E como as palavras de William Shakespeare, “Há mais mistérios entre o Céu e a Terra do
que sonha a nossa vã filosofia”, eis que o livro escolhido foi Silêncio
– Na era do ruído, do
norueguês Erling Kagge, publicado no
Brasil pela editora Objetiva. Dentre as sugestões, certamente essa foi a que de
fato contribuiria em cheio para me garantir momentos preciosos de reflexão sobre
a Pós-Modernidade e seus desdobramentos quanto à Identidade, o Consumismo e as
Relações Humanas, assuntos tão caros ao meu interesse pessoal; ainda que, tudo
isso não estivesse claro no momento de elaboração da lista.
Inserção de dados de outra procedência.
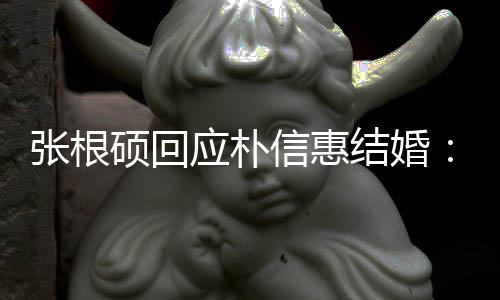 抛弃张根结婚她泰京硕回应朴信惠了黄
Mas, o título não foi parar lá à toa. Ocorre que, por conta
de uma discussão interessante sobre o silêncio no contexto do
ensino-aprendizagem de idiomas, fomentada durante as disciplinas de fonética
que participei nos últimos anos, o assunto despertou a minha atenção. Passei a
me interessar por artigos dentro da Linguística Aplicada e da Fonética e
Fonologia que apontavam cientificamente para a perda da capacidade humana em
ouvir; no sentido, não somente de decodificação de sons, mas, também, de
compreensão e interpretação daquilo que se ouve.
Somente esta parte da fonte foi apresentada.